What the task asks :: Reproduce the tail of the data exactly. It starts at the line containing "Masse f&uuml;r die" and runs to the last line.

Records from a data source:
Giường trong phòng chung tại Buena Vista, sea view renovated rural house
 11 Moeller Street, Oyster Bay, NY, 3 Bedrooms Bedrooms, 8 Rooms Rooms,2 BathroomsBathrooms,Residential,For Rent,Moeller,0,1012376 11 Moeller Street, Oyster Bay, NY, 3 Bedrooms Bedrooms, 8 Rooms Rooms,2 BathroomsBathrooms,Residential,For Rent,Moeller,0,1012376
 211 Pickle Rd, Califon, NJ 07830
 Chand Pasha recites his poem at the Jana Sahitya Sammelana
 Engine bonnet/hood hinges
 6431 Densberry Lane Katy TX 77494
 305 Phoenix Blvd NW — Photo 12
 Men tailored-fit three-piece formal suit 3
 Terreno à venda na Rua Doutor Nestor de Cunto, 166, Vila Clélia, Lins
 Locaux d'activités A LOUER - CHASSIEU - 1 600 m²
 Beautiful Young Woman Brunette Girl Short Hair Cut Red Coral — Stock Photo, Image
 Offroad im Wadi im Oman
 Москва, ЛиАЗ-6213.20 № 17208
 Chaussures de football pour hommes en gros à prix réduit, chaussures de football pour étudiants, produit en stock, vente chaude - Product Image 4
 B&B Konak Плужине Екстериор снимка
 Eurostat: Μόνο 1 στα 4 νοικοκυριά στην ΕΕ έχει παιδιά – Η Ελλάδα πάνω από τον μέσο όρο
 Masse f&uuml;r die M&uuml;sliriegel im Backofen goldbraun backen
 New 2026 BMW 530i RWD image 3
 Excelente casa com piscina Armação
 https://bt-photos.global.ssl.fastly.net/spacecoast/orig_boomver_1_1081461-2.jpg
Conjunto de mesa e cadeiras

Solution ::
 Masse f&uuml;r die M&uuml;sliriegel im Backofen goldbraun backen
 New 2026 BMW 530i RWD image 3
 Excelente casa com piscina Armação
 https://bt-photos.global.ssl.fastly.net/spacecoast/orig_boomver_1_1081461-2.jpg
Conjunto de mesa e cadeiras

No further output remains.